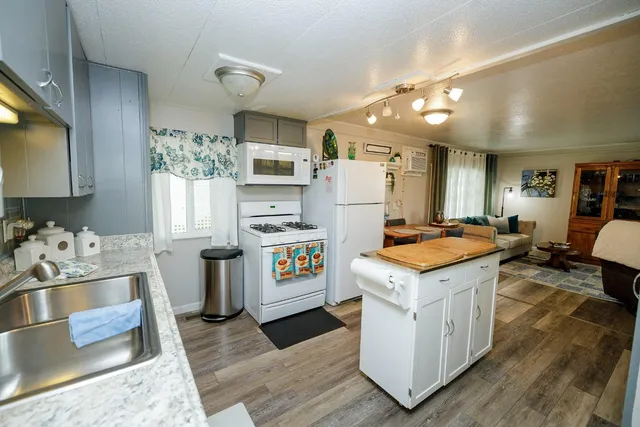 $75,500 | 2505 Jackson Avenue, Unit 197, Escalon, CA 95320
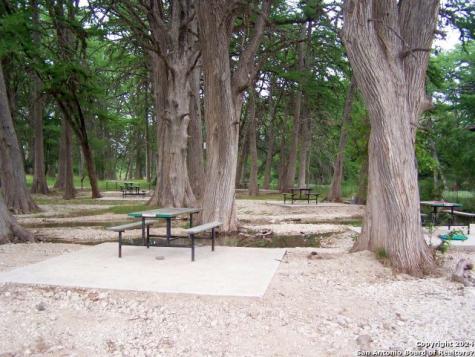 254 Possum Haw Holly Trail Leakey TX 78873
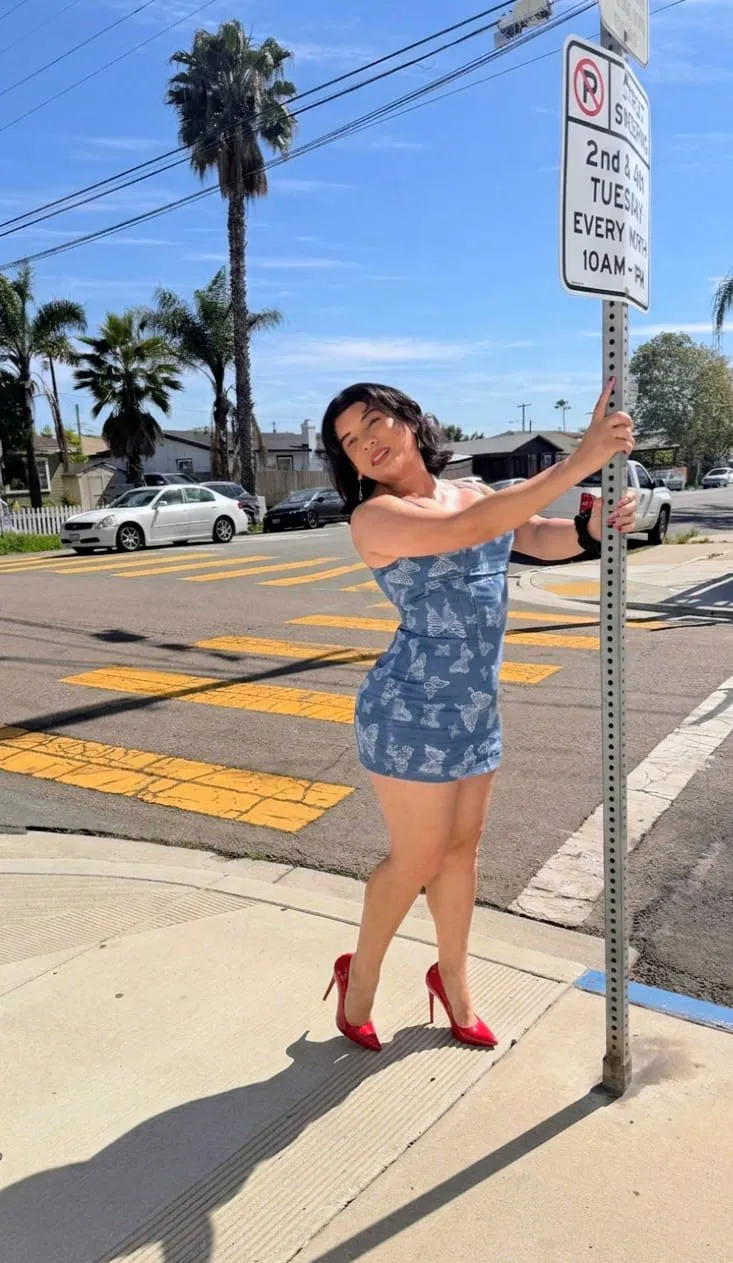 Escorts San Diego, California Domenica Montero 250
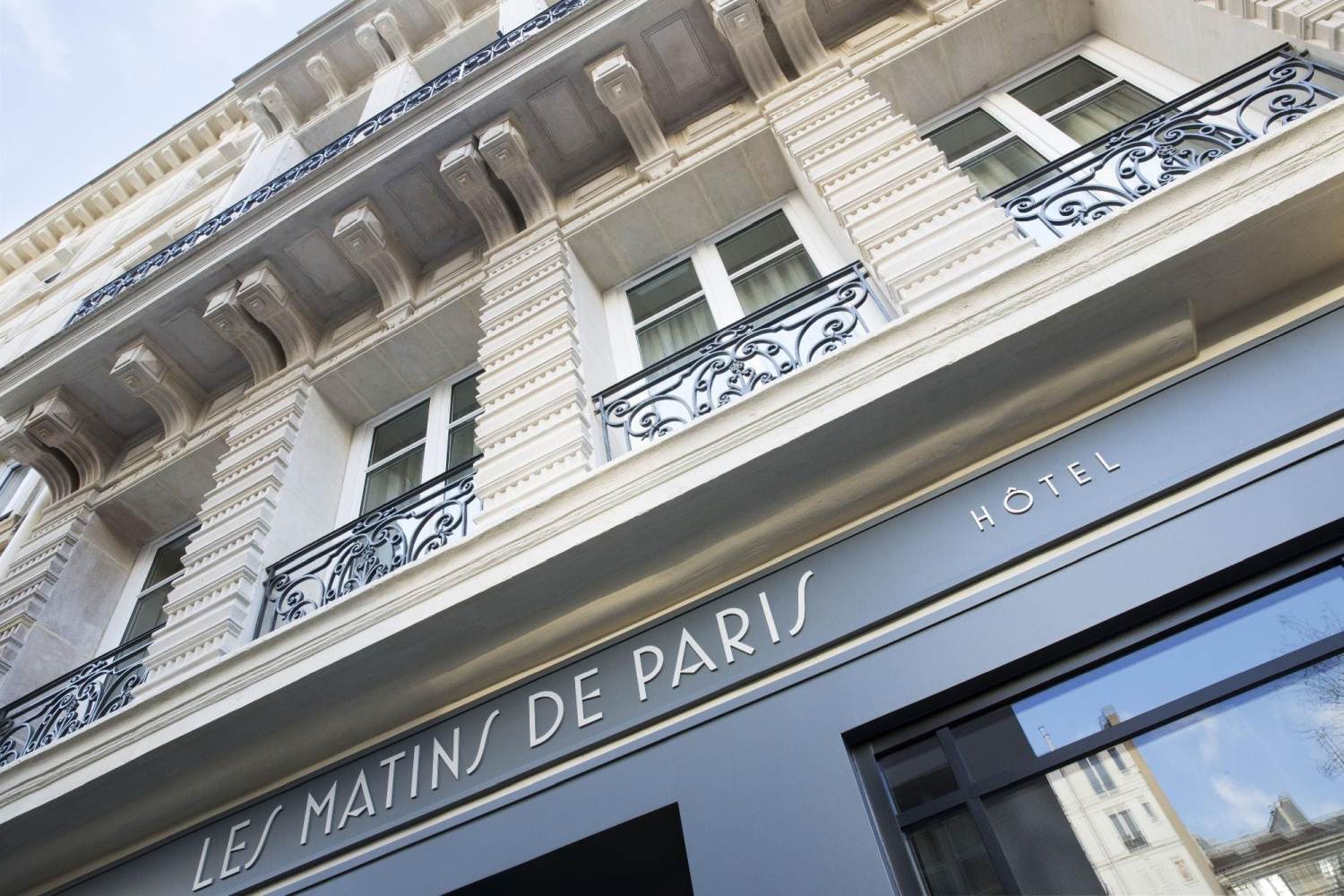 Les Matins de Paris & Spa - France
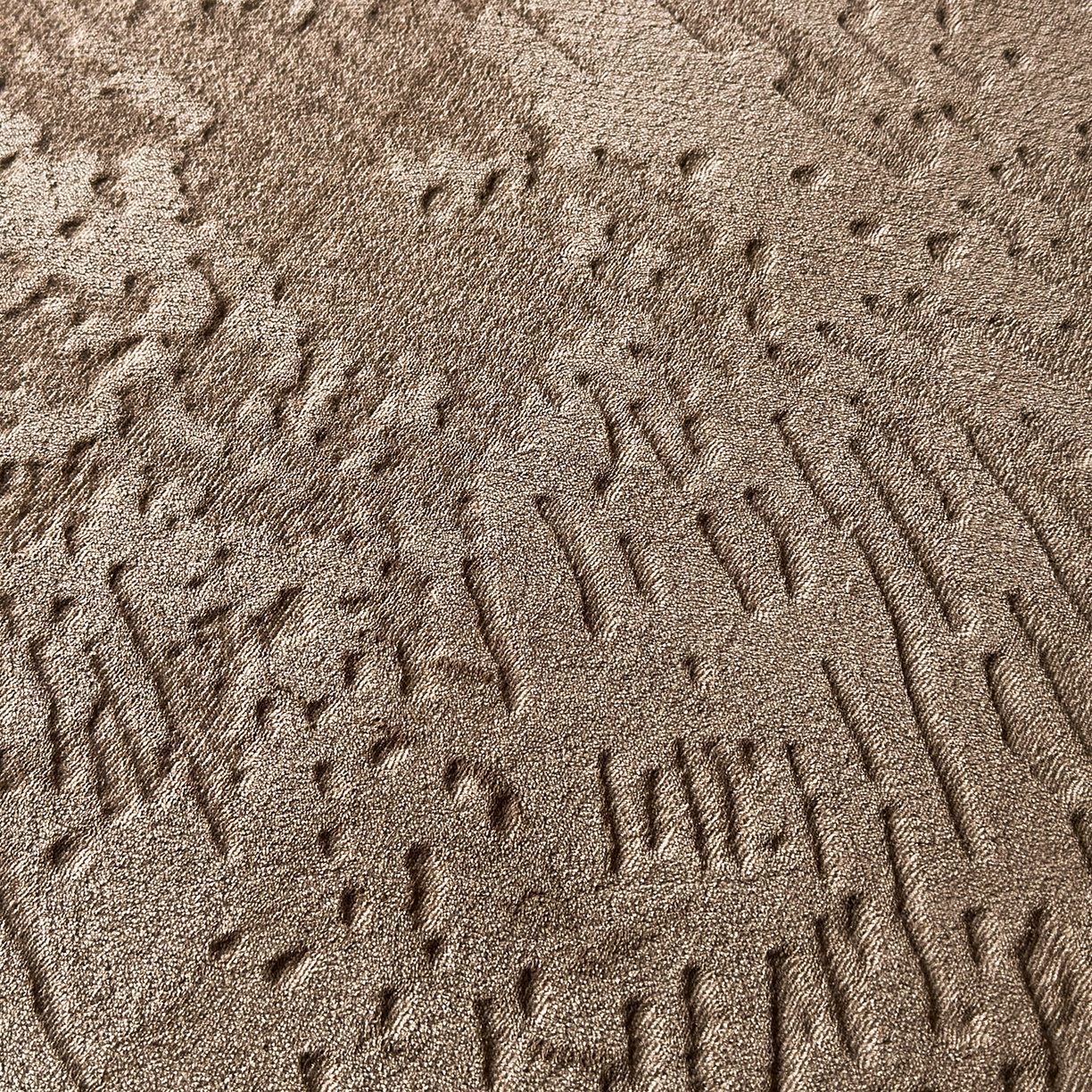 91家纺网 家纺一手货源 找家纺 久云居 2025新款牛奶绒剪花床笠 暖棕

What needs to be done — All records, pictures excluded: copy them exactly.

Answer —
 $75,500 | 2505 Jackson Avenue, Unit 197, Escalon, CA 95320
 254 Possum Haw Holly Trail Leakey TX 78873
 Escorts San Diego, California Domenica Montero 250
 Les Matins de Paris & Spa - France
 91家纺网 家纺一手货源 找家纺 久云居 2025新款牛奶绒剪花床笠 暖棕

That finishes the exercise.